Das gilt sogar bei den erfolgsverwöhnten Slowenen. Sie haben bis vor wenigen Jahren in Umfragen zu über 80 Prozent bekundet, ihr Leben in Tito-Jugoslawien seit „(sehr) gut“ gewesen und sie hätten „(sehr) gute“ Erinnerungen an jene Zeit. Damit haben die post-jugoslawischen Politiker eine heimliche, aber immer präsente „Messlatte“ ihres Wirkens und ihrer Erfolge im Rücken, mit der sie leben müssen, es zu großen Teilen aber nur mit Schwierigkeiten können.
Wenn sie es nicht können, bleibt ihnen nur die Verteufelung Titos in jeder Hinsicht. Wer sich einen Mantel anziehen möchte, der ihm um etliche Nummern zu groß ist, muss sich gewaltig aufblähen, um hinein zu passen. Das erklärt dann auch den kindischen Mummenschanz der Kriegsverbrecher-Präsidenten Tudjman (Kroatien) und Milošević (Serbien), die Tito in allem zu imitieren trachteten – weiße Uniformen, Orden, Luxuswagen, Ferieninsel, Kuba-Zigarren, US-Whisky etc. -, damit aber nur die eigene Lächerlichkeit demonstrierten.

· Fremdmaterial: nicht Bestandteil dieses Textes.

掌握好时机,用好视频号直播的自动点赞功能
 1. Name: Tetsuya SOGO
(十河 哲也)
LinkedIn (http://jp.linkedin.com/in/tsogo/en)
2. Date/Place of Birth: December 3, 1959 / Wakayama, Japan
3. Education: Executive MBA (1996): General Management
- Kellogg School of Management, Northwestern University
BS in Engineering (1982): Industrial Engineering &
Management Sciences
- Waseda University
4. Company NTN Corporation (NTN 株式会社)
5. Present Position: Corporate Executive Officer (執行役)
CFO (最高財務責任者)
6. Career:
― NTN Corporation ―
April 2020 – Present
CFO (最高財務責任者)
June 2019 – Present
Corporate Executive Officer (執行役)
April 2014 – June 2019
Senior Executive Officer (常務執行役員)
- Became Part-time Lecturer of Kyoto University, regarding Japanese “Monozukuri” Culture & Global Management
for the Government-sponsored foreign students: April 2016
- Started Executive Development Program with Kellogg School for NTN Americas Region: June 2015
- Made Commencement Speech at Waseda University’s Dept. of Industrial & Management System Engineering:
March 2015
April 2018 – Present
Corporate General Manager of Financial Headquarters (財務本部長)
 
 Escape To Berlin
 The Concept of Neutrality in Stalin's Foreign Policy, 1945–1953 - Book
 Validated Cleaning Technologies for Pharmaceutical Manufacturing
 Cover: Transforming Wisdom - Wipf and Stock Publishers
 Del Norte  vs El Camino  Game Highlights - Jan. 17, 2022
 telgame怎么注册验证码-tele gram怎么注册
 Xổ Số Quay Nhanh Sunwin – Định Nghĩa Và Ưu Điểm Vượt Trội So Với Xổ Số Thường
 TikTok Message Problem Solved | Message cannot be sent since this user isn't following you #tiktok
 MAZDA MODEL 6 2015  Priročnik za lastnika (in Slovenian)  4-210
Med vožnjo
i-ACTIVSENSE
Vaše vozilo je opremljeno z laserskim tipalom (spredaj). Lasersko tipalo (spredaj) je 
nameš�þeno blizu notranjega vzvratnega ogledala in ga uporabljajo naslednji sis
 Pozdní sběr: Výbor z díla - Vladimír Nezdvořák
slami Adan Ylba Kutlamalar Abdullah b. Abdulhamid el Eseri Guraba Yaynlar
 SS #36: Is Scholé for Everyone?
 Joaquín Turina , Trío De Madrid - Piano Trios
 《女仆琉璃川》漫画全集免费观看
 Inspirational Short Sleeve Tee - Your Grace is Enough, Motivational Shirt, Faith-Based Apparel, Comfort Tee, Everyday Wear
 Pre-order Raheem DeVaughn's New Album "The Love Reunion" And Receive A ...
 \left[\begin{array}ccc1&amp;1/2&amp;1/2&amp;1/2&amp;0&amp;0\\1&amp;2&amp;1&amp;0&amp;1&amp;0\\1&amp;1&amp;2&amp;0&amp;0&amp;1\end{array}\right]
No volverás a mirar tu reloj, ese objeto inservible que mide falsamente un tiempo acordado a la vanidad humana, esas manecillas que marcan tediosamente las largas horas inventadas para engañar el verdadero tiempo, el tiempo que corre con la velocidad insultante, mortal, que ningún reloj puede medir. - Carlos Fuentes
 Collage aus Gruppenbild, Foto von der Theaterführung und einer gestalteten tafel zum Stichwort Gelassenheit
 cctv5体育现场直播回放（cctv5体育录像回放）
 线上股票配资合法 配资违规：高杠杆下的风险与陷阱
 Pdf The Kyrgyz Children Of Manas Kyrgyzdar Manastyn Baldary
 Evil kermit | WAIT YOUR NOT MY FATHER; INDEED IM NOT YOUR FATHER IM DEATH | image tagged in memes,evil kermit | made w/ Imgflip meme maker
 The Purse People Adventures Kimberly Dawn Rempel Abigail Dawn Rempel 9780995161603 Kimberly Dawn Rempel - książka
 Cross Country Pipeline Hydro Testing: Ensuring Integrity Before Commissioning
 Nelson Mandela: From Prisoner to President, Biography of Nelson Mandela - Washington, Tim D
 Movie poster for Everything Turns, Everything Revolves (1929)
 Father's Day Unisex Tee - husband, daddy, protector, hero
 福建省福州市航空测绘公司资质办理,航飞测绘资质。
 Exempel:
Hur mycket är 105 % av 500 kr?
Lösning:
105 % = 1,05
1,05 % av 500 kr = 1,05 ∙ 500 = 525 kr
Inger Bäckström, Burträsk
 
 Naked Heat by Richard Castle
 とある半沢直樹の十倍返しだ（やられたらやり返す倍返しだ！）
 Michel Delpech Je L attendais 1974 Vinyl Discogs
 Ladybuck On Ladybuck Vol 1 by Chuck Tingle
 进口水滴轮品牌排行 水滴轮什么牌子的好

Tudjman und Milošević sind tot, lebendig sind die kleinen Quakfrösche mit ihren misstönenden Litaneien. In Serbien wurde im August 2003 das Buch „Tito – Der Hochstapler“ veröffentlicht, das ein serbischer Provinzrichter verfasst hatte. In diesem „beweist“ der Autor, dass 1. Tito nicht Tito war, sondern ein Halbbruder von ihm, dass 2. Tito eingangs des Ersten Weltkriegs an einer Habsburgischen Spionageschule ausgebildet wurde und dass 3. einer seiner Schulkameraden Adolf Hitler war.
Bekanntlich hat Hitler bereits 1913 Österreich verlassen und den Krieg in der bayerischen Armee verbracht. Aber solche geschichtsnotorischen Tatsachen interessieren balkanische Märchentanten nicht. Für sie war „der sogenannte Tito“ ein k.u.k.-Spion, ein Freimaurer, ein Geheimagent des Vatikans etc.
In Serbien wurde das Buch „Hochstapler“ als Schmutz und Schund verboten, worauf 2004 in Kroatien eine neue Ausgabe erschien. Natürlich haben kroatische Chauvinisten das Machwerk begeistert begrüßt, aber das hat wenig zu sagen: Auch in Kroatien wie überall in Ex-Jugoslawien erreicht die Tito-Nostalgie Jahr für Jahr neue Höchstmarken. Auch wenn die Werte in Kroatien bescheidener ausfallen.
Vom nicht-jugoslawischen Ausland gar nicht zu reden! Ende Juni 2007 endete in Hamburg die Ära von Gordana Vnuk. Die Kroatin hatte sechs Jahre lang das alternative „Kampnagel-Theater“ geleitet und ihren Abschied mit der zweistündigen Revue „Tito, gewisse Diagramme der Sehnsucht“ begangen, eingebettet in ein mehrtägiges Festival „TITO – Der dritte Weg“ und inszeniert als Sample von Tito-Darstellungen, mit denen Frau Vnuk zuvor schon in der halben Welt gastiert hatte. Dass die furiose Show zeitgleich zum EU-Gipfel lief, war ein wohlüberlegter Regieeinfall, der die allgemeine Begeisterung nur steigerte.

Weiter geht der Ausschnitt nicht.